I know the A31 quite well too but I can’t quite gather the details of your route. The B3001 meets the A31 south of the Hogs Back (at Farnham, in fact) and you would have to drive north (back towards the A3) to get to the Hogs Back, but you said you were driving southbound before you turned round. Ironically, if you were travelling southbound there and the satnav told you to turn round, you were being directed back to the A3 and precisely the area you were trying to avoid. Which is another indication of the perils of relying on satnavs. But it doesn’t really matter as far as your problem goes.

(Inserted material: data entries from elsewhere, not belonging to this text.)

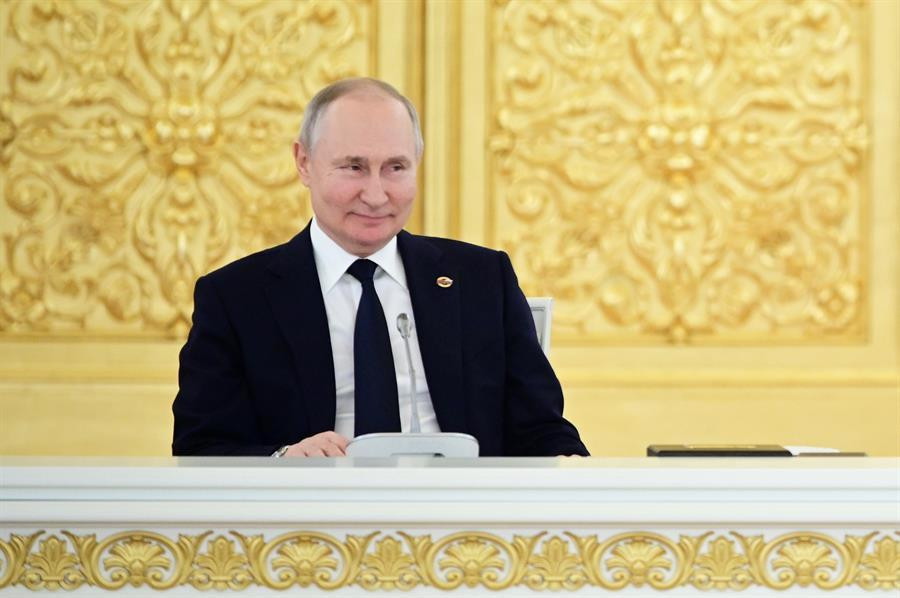 El presidente ruso, Vladimir Putin asiste a una reunión del Consejo de Estado Supremo del Estado de la Unión de Rusia y Bielorrusia en el Kremlin en Moscú 2023_Foto Efe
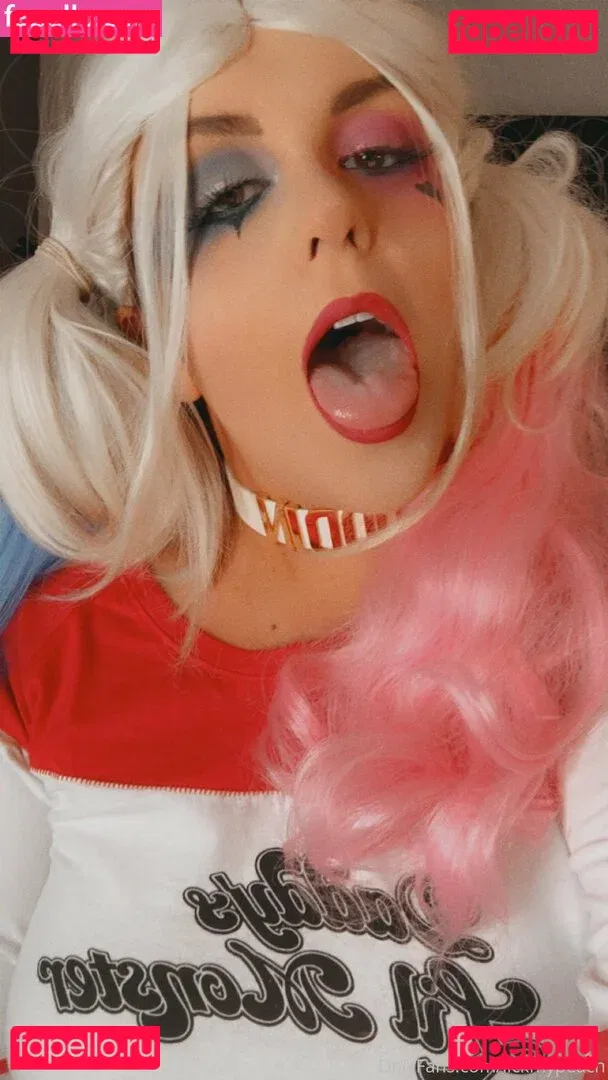 peachtv Onlyfans Photo Gallery 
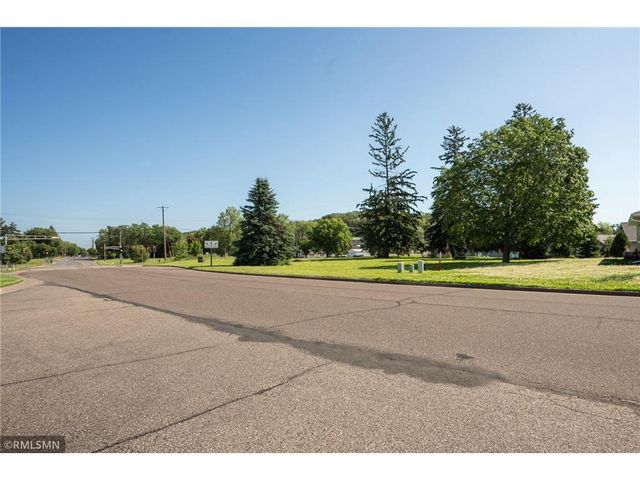 2364 St Andrews Drive, Altoona, WI 54720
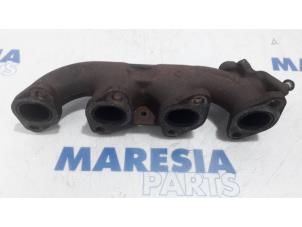 Used Exhaust manifold Renault Trafic New (FL) 2.0 dCi 16V 115 Price € 60,50 Inclusive VAT offered by Maresia Parts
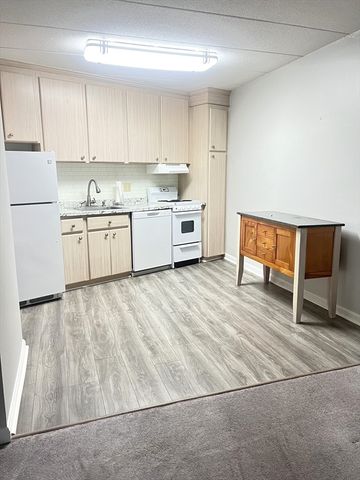 $1,850 | 152 Turner Road, Unit 22 | East Holliston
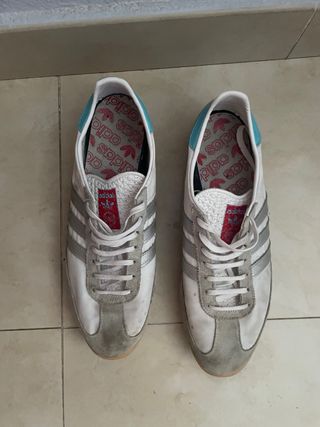 Zapatillas Adidas grises y blancas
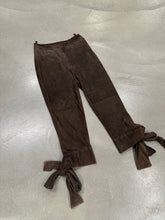 Load image into Gallery viewer, F/W2002 Yves Saint Laurent by Tom Ford bow tie leather short trousers
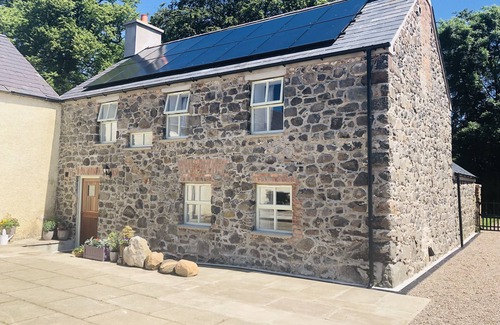 Ballymoney Cottage | 5 Star Coachmans cottage. Built in the mid 18th Century.
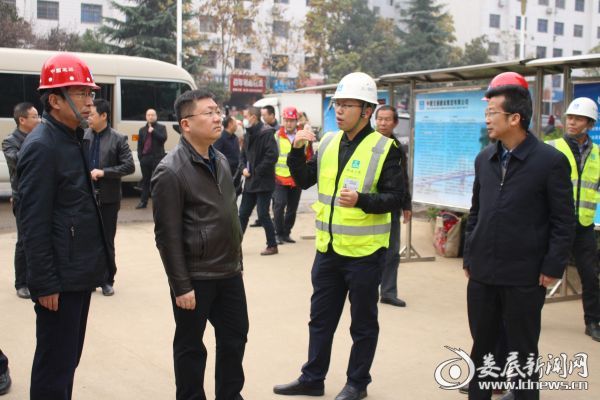 乐坪西街视察人行道铺设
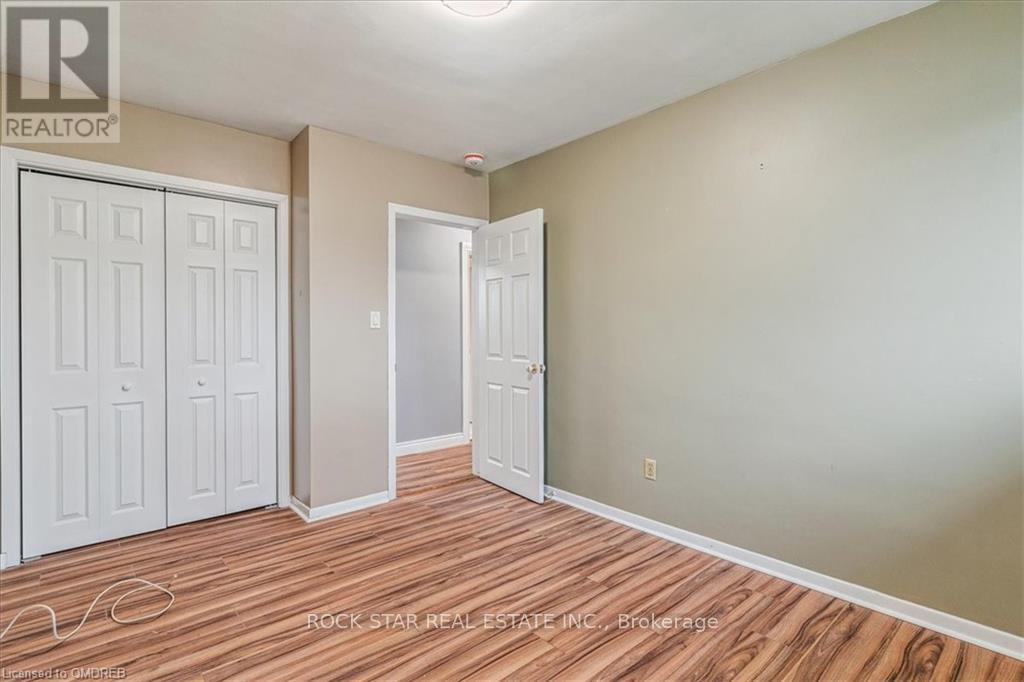 Upper - 10 Westdale Drive, St. Catharines, Ontario  L2S 2R8 - Photo 18 - X12184136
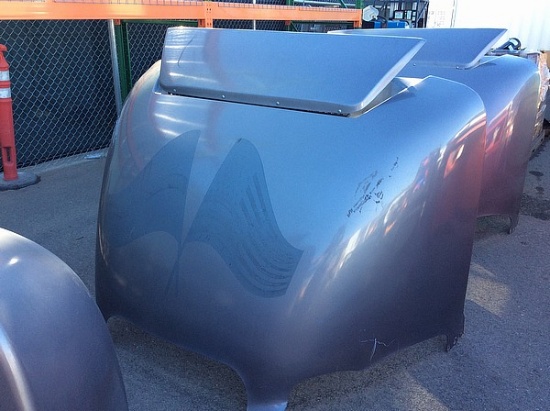SEMI-TRUCK AIR DEFLECTOR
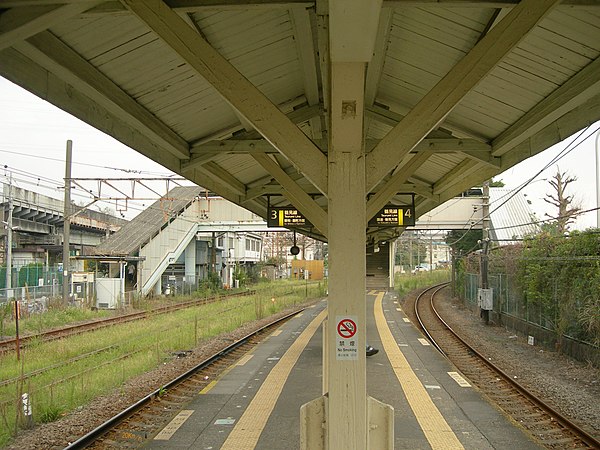 600px-Hama-Kawasaki_Station_Tsurumi-line-Platform-20100920.jpg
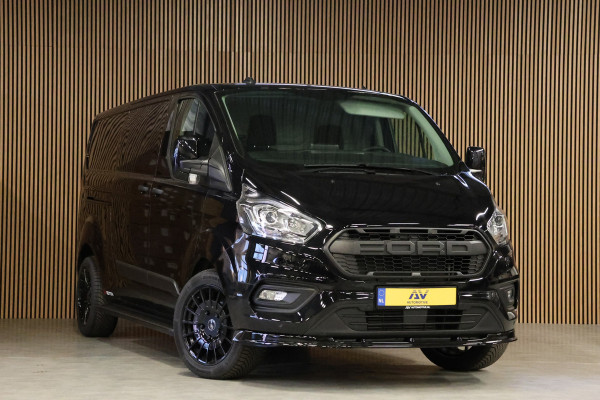 Ford Transit Custom 300 2.0 TDCI L2H1 Raptor Edition | 6.500 KM | BPM VRIJ | CarPlay | Lane Assist | DAB | Cruise control | PDC V+A | 3-Zitter | Betimmering | Nieuwe APK | Fabrieksgarantie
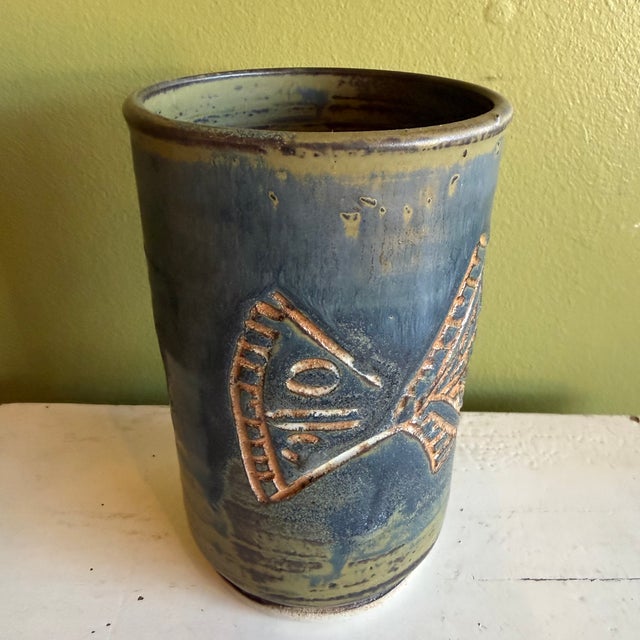 Mid-Century Modern 1970's Australian Ceramic Fish Vase by Edward Deemera For Sale - Image 3 of 7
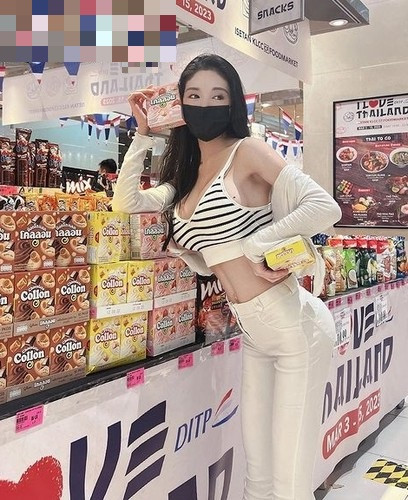 Những hình ảnh hot girl Krysstal, người Malaysia diện đồ tập, đồ nội y thể thao đi dạo phố, đi siêu thị mua sắm, ăn uống nhận được sự chú ý lớn.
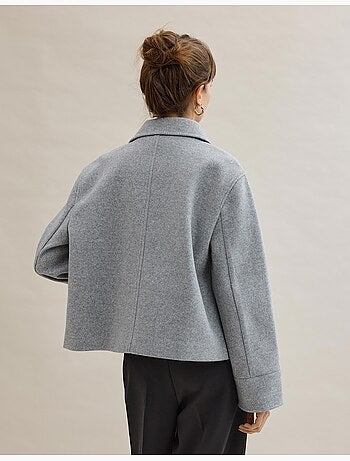 Mantello, MO Fashion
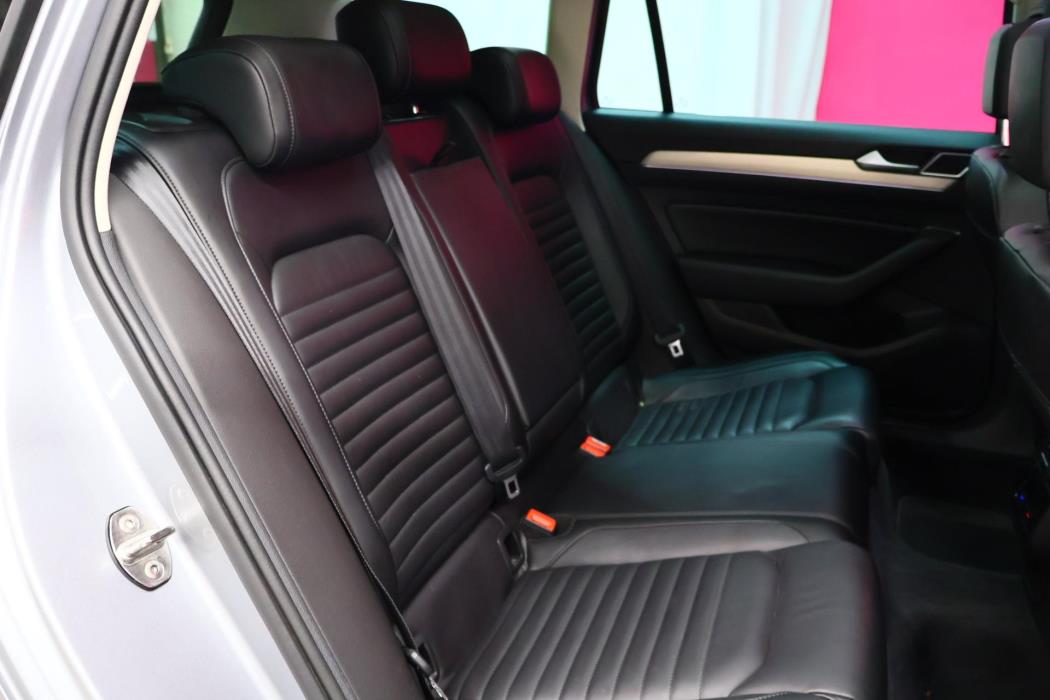 VOLKSWAGEN Passat 2018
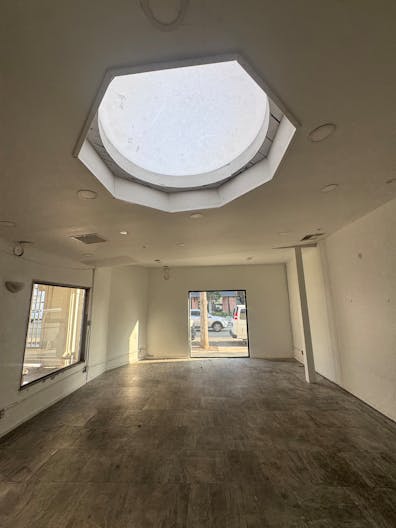 Sunset Courtyard ? Flexible Pop-Up Venue on Iconic Sunset Blvd | West Hollywood - Image 1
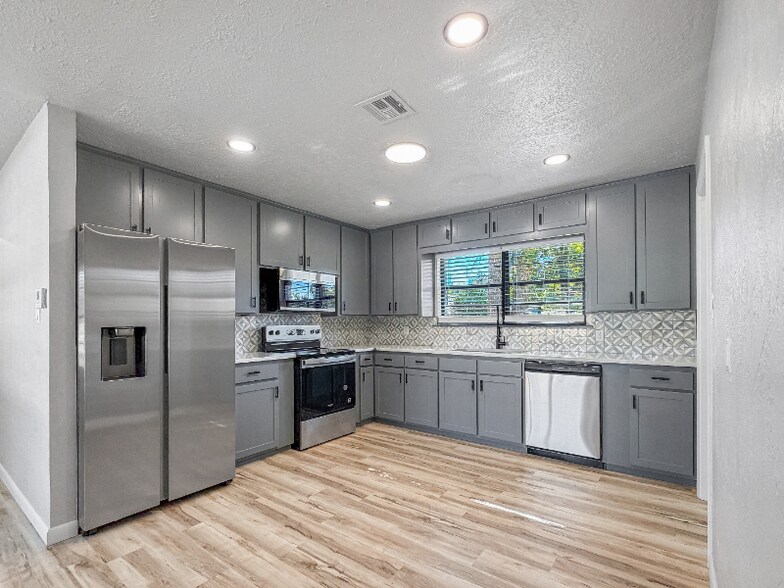 Building Photo - 1702 W Boyd St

There is certainly one stretch of the A31 across the Hogs Back (in the vicinity of the Hogs Back Hotel) where the two carriageways are separated as you describe. I don’t know how you came to be on the southbound carriageway at that stretch – it makes no sense to me at all. But if that’s where you were, I agree that parts of the road there may, taken in isolation, give the impression of being  single carriageway. I imagine you were somewhere around here:


As I said, I don’t know where exactly you might have joined the A31 southbound to approach the Hogs Back (the A31 begins a few miles further north, where it splits from the A3). But certainly at this point (north of the Hogs Back) it is clearly a dual carriageway:


If you follow the GSV from there you will come to the stretch where I believe you turned round. But there is no indication, between those two points, that the road has become a two way single  carriageway. A little further on there is a junction with the road to Ash Green and it is clear at that point that the road is two lanes in the same direction (by virtue of the arrows in the road):


A little further still (just after the “Hotel” signpost on the left) the road opens out again and the opposite carriageway becomes clearly visible. 

I drive that stretch quite often and have done so both during the day and at night and from my perspective there is absolutely no reason to believe the carriageway has reverted to both way running. As well as that, as you can see from the GSV shots, the road is quite narrow there and I was astonished to learn that you performed a U-turn in the dark on that stretch. 

If you do return to the scene, see if you can find any indication as you travel southbound that the road becomes a single carriageway. I’m sure you won’t. If you take this matter to court it will be tried in a Magistrates’ Court local to that area and the Magistrates will very likely to be aware of the road’s layout.

My view remains the same. You should not have performed a U-turn at that location and if the area was unfamiliar, you should have waited until a more suitable location to turn round was available. If you are offered a fixed penalty I should grab it with both hands as it is the best offer you will get. If it goes to court, I would recommend a guilty plea with as little said about why and where you turned round as possible.